From the entries below, retype only the lines from the one with "Mango peysa hlý og góð L/XL" through the one with "Feu arriere principal", exactly as written.

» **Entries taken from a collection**
┌────────
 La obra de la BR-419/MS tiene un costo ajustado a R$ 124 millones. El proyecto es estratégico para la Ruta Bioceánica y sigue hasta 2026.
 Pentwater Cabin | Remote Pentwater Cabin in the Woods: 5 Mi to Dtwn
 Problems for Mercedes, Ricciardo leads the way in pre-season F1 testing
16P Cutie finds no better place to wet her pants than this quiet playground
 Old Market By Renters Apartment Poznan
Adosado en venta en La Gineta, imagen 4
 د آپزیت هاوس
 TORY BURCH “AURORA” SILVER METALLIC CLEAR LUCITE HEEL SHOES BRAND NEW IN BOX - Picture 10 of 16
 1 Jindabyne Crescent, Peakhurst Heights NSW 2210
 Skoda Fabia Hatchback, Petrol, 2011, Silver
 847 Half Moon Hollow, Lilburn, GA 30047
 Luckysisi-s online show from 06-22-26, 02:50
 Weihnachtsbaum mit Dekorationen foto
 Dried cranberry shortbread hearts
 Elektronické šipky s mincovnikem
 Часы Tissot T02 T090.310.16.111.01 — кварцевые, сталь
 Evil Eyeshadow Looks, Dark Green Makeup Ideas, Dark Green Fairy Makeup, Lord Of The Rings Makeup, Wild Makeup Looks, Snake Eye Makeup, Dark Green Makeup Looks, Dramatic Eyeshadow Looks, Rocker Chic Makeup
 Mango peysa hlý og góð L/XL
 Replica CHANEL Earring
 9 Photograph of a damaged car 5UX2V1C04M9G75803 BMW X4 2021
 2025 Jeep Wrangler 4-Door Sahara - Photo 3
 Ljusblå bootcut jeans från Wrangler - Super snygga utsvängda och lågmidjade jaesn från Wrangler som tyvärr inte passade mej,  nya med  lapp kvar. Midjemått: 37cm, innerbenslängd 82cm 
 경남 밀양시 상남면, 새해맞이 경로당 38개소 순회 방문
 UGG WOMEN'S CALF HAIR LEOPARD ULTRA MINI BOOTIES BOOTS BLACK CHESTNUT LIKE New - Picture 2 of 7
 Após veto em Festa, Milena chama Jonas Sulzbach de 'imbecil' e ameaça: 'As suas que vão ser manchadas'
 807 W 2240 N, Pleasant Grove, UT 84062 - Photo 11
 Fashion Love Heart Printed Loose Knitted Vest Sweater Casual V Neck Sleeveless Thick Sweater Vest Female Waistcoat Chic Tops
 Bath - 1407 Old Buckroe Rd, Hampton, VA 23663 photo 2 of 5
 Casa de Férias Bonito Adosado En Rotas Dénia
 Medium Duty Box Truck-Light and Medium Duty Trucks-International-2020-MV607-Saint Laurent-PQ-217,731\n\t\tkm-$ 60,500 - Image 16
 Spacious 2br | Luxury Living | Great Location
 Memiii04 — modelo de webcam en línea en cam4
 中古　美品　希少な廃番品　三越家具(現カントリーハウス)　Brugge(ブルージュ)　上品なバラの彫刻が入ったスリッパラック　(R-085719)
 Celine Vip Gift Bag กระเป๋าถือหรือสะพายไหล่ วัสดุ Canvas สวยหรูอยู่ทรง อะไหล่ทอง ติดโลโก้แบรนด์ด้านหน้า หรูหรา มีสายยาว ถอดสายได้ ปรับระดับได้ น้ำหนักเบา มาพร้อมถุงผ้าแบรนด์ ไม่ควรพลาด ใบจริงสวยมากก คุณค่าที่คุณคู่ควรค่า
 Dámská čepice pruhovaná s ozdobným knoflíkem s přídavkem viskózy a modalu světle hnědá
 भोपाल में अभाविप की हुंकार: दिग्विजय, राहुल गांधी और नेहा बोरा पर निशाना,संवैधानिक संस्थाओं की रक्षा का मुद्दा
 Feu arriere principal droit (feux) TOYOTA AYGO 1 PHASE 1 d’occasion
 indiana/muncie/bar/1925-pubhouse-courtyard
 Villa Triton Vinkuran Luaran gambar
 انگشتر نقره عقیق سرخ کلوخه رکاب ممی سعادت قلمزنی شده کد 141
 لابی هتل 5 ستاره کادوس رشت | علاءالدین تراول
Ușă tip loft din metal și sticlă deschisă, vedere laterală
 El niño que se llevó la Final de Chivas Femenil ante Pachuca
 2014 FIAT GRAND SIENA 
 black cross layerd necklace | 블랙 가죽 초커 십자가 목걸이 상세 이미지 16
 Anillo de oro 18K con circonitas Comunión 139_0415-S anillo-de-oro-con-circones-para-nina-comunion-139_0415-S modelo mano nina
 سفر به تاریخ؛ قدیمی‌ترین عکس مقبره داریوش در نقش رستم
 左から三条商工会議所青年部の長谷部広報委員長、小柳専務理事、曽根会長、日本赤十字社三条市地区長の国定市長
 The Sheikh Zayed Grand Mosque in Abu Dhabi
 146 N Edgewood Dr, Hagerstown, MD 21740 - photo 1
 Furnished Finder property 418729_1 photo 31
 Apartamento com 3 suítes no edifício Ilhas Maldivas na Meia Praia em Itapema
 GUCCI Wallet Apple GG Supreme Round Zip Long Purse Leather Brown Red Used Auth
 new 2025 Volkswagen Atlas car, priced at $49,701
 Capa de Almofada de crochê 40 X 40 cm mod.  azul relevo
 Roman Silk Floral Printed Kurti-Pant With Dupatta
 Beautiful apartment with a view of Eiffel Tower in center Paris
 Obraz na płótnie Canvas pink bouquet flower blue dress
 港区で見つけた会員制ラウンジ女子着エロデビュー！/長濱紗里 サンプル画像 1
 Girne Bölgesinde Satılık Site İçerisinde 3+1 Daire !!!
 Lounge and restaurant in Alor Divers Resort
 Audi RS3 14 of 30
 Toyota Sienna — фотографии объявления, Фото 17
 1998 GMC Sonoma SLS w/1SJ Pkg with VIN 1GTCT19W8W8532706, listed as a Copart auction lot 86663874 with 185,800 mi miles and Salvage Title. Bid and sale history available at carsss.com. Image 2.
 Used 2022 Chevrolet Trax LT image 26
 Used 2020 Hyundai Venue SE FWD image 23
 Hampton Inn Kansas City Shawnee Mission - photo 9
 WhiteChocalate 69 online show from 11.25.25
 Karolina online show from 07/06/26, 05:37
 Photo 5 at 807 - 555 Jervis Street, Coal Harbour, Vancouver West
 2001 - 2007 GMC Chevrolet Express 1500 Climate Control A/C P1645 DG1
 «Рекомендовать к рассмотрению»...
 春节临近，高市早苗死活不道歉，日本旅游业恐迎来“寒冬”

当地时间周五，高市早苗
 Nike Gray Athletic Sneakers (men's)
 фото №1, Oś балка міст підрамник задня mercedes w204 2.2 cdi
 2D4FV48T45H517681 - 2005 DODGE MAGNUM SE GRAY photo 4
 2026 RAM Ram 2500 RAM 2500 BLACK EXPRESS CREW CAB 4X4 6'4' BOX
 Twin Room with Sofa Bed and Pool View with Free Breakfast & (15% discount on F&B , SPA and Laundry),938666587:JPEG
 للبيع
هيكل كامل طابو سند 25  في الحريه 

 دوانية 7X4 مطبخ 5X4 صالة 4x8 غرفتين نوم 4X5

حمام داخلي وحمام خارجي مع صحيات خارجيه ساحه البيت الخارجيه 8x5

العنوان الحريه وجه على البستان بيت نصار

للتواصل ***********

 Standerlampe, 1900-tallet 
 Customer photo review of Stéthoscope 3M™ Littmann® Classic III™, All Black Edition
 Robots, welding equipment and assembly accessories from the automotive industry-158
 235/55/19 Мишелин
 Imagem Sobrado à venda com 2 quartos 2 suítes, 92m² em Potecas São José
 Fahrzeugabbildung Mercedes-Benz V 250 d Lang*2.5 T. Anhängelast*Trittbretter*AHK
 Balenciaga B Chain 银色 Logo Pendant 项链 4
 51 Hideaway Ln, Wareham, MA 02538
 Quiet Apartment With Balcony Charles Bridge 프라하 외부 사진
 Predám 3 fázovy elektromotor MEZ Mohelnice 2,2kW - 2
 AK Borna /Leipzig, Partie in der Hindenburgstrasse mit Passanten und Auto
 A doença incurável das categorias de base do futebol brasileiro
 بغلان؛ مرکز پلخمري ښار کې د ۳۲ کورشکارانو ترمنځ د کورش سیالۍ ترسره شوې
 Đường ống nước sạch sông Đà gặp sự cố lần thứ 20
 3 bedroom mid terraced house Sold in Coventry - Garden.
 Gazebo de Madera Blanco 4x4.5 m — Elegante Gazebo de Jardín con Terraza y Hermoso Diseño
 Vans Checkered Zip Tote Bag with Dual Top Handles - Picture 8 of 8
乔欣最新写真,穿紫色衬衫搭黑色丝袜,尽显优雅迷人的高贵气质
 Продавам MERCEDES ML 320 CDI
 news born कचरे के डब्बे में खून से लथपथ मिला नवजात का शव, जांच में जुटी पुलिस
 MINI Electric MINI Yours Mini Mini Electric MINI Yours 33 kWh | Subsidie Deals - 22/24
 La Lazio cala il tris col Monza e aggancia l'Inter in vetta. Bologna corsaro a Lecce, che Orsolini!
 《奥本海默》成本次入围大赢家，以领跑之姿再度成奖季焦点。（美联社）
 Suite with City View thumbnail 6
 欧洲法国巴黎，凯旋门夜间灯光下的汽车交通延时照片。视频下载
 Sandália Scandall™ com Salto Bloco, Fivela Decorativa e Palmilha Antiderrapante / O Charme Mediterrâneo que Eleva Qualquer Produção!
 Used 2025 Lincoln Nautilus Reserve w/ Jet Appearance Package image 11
└────────
» **Expected output**
 Mango peysa hlý og góð L/XL
 Replica CHANEL Earring
 9 Photograph of a damaged car 5UX2V1C04M9G75803 BMW X4 2021
 2025 Jeep Wrangler 4-Door Sahara - Photo 3
 Ljusblå bootcut jeans från Wrangler - Super snygga utsvängda och lågmidjade jaesn från Wrangler som tyvärr inte passade mej,  nya med  lapp kvar. Midjemått: 37cm, innerbenslängd 82cm 
 경남 밀양시 상남면, 새해맞이 경로당 38개소 순회 방문
 UGG WOMEN'S CALF HAIR LEOPARD ULTRA MINI BOOTIES BOOTS BLACK CHESTNUT LIKE New - Picture 2 of 7
 Após veto em Festa, Milena chama Jonas Sulzbach de 'imbecil' e ameaça: 'As suas que vão ser manchadas'
 807 W 2240 N, Pleasant Grove, UT 84062 - Photo 11
 Fashion Love Heart Printed Loose Knitted Vest Sweater Casual V Neck Sleeveless Thick Sweater Vest Female Waistcoat Chic Tops
 Bath - 1407 Old Buckroe Rd, Hampton, VA 23663 photo 2 of 5
 Casa de Férias Bonito Adosado En Rotas Dénia
 Medium Duty Box Truck-Light and Medium Duty Trucks-International-2020-MV607-Saint Laurent-PQ-217,731\n\t\tkm-$ 60,500 - Image 16
 Spacious 2br | Luxury Living | Great Location
 Memiii04 — modelo de webcam en línea en cam4
 中古　美品　希少な廃番品　三越家具(現カントリーハウス)　Brugge(ブルージュ)　上品なバラの彫刻が入ったスリッパラック　(R-085719)
 Celine Vip Gift Bag กระเป๋าถือหรือสะพายไหล่ วัสดุ Canvas สวยหรูอยู่ทรง อะไหล่ทอง ติดโลโก้แบรนด์ด้านหน้า หรูหรา มีสายยาว ถอดสายได้ ปรับระดับได้ น้ำหนักเบา มาพร้อมถุงผ้าแบรนด์ ไม่ควรพลาด ใบจริงสวยมากก คุณค่าที่คุณคู่ควรค่า
 Dámská čepice pruhovaná s ozdobným knoflíkem s přídavkem viskózy a modalu světle hnědá
 भोपाल में अभाविप की हुंकार: दिग्विजय, राहुल गांधी और नेहा बोरा पर निशाना,संवैधानिक संस्थाओं की रक्षा का मुद्दा
 Feu arriere principal droit (feux) TOYOTA AYGO 1 PHASE 1 d’occasion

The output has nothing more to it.